Distributable Cash Flow. We define distributable cash flow as net income plus depreciation and amortization; amortization of deferred financing costs included in interest expense; and non-cash gain (losses) on derivative contracts, less income attributable to non-controlling interests, preferred unit dividends, maintenance capital expenditures, gain (losses) on asset sales and other non-cash gain (losses).
Distributable cash flow is a significant performance metric used by our management and by external users of our financial statements, such as investors, commercial banks and research analysts, to compare basic cash flows generated by us to the cash distributions we expect to pay our unitholders. Using this metric, management and external users of our financial statements can compute the ratio of distributable cash flow per unit to the declared cash distribution per unit to determine the rate at which the distributable cash flow covers the distribution.

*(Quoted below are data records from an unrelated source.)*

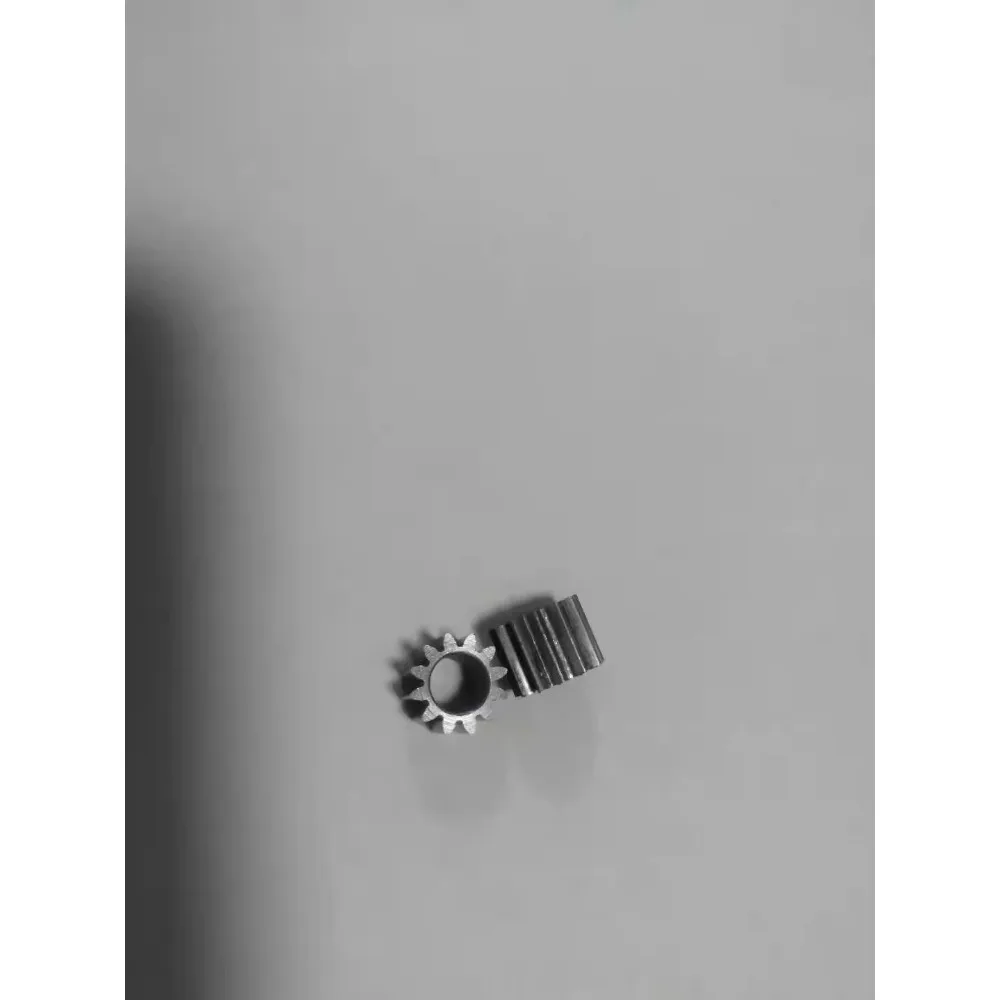 1 шт. 0 6 модуль шестерни 12 зубов мотор-редуктор с отверстием 5 мм 755 775 785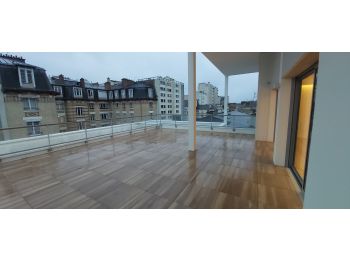 Location à RENNES (35000) - 137m² à 2680 € - vue 10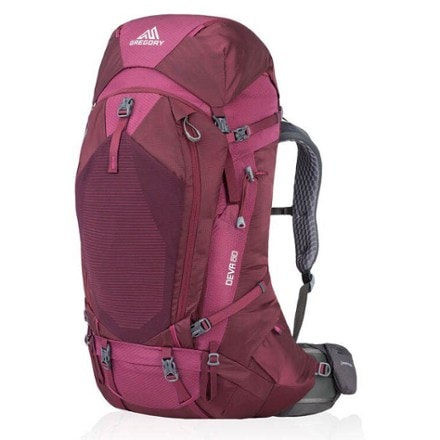 Gregory Deva 60 Pack - Closeout - Women's 0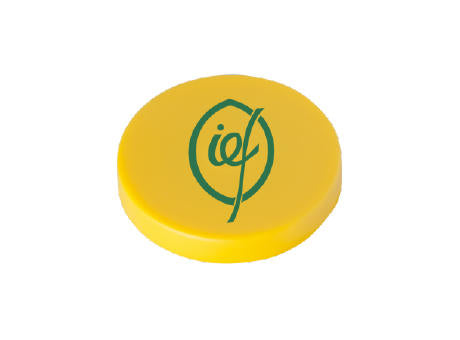 Haftmagnet Ø 40 mm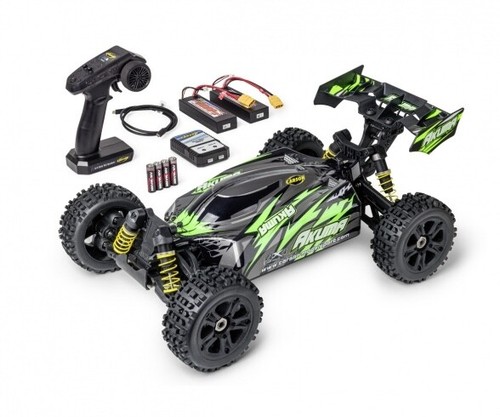 Akuma buggy 4wd 100 - akuma,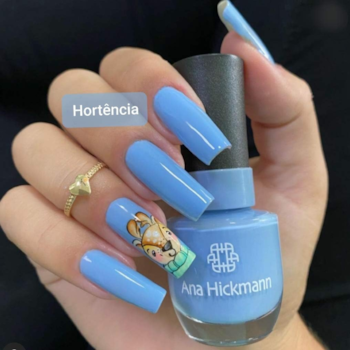 Segunda imagem do produto Ana Hickmann - Queridinhos Da Ana - Esmalte 9ml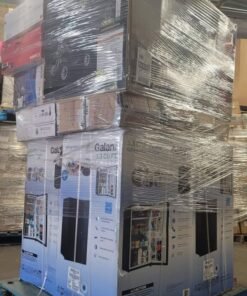 AMZ Customer Return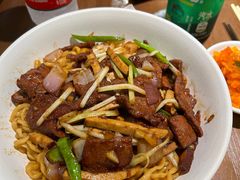 -寻裕记·现炒浇头面(人民广场店)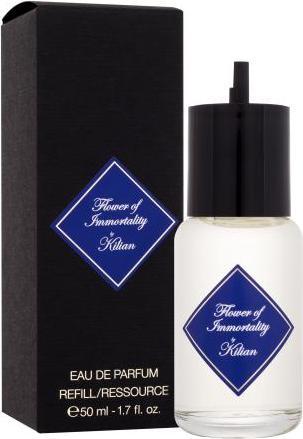 Actual product image By Kilian Asian Tales Flower Of Immortality Eau De Parfum Refill Spray (Eau de parfum, 50 ml)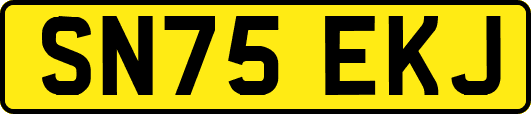 SN75EKJ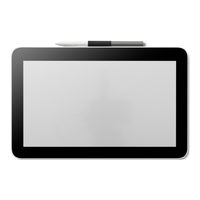 Wacom One Pen Important Product Information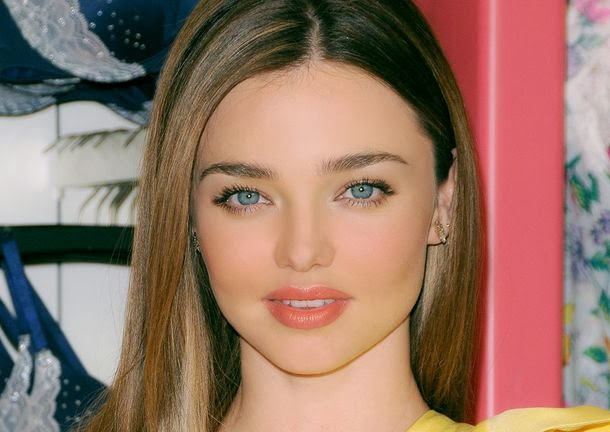 Miranda Kerr Wallpapers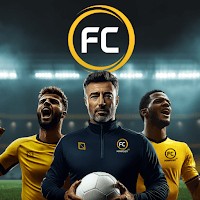 Football Club Manager 2025 - Beta mở trên Android
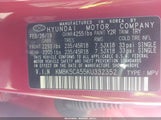 Hyundai Kona Ultimate KM8K5CA55KU332352 снимка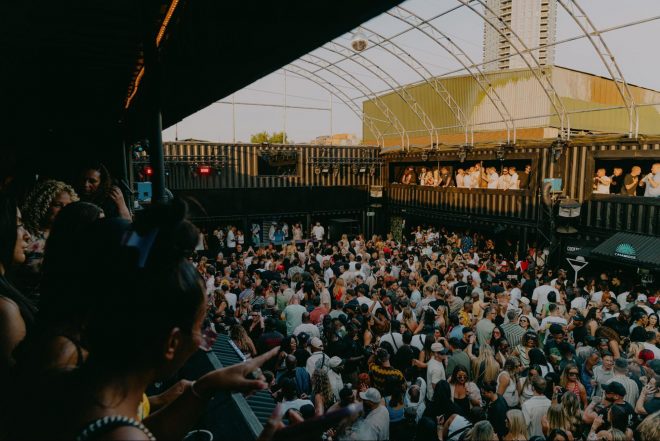 LDN East Announces Summer 2026 Programme Featuring Raresh, Major League DJz, Mahmut Orhan and more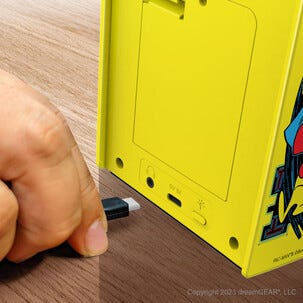 My Arcade Micro Player Pro Pac-Man retro arkadespill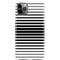 Modern Stripes iPhone 11 Pro Max Lite Case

Distributable cash flow is also an important financial measure for our unitholders since it serves as an indicator of our success in providing a cash return on investment. Specifically, this financial measure indicates to investors whether or not we are generating cash flow at a level that can sustain or support an increase in our quarterly distribution rates. Distributable cash flow is also a quantitative standard used throughout the investment community with respect to publicly-traded partnerships because the value of a unit of such an entity is generally determined by the units yield, which in turn is based on the amount of cash distributions the entity pays to a unitholder.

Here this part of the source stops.